Komisja zaplanowała także wysłuchanie profesora Jerzego Kosińskiego – byłego policjanta, zajmującego się zwalczaniem cyberprzestępczości. Obecnie jest dyrektorem Morskiego Centrum Cyberbezpieczeństwa w Gdyni. Kosiński jest także biegłym sądowym z zakresu przestępczości komputerowej.
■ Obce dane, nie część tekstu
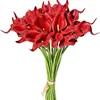 สีแดง
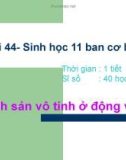 Bài giảng Bài 44 - Sinh học 11 ban cơ bản: Sinh sản vô tính ở động vật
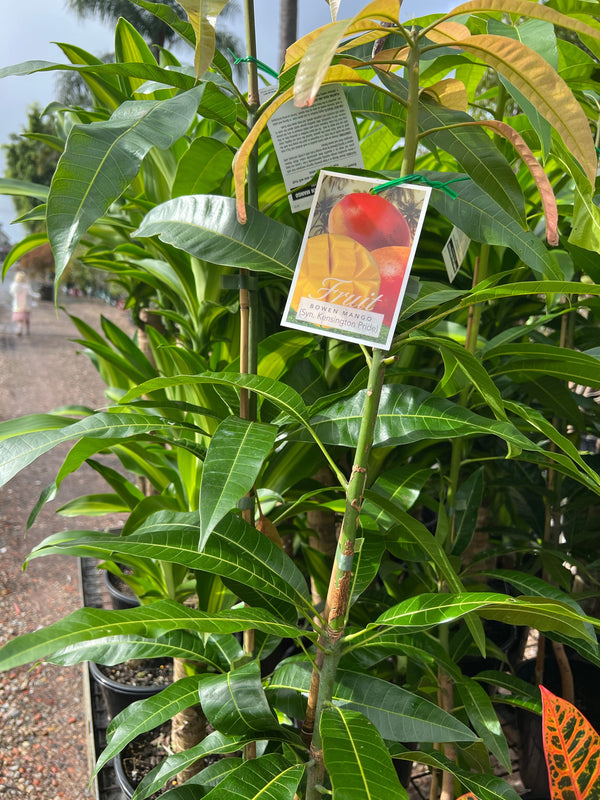 Mangifera Kensington Mango Sydney's Plant Market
Realizuje się również jako wykładowca Akademii Marynarki Wojennej.
Ekspert na dwie godziny przed rozpoczęciem posiedzenia odwołał wystąpienie. – Dwie godziny temu poinformował mnie o rezygnacji ze stawienia się przed komisją z powodu rozmów z przełożonymi, którzy mu to stanowczo odradzali – powiedział senator Koalicji Obywatelskiej Marcin Bosacki.
18 stycznia o 10.30 odbędą się kolejne wysłuchania, tym razem z udziałem prezesa Najwyższej Izby Kontroli Mariana Banasia, senatora Krzysztofa Kwiatkowskiego oraz Marka Bieńkowskiego – doradcy w Departamencie Administracji Publicznej Najwyższej Izby Kontroli.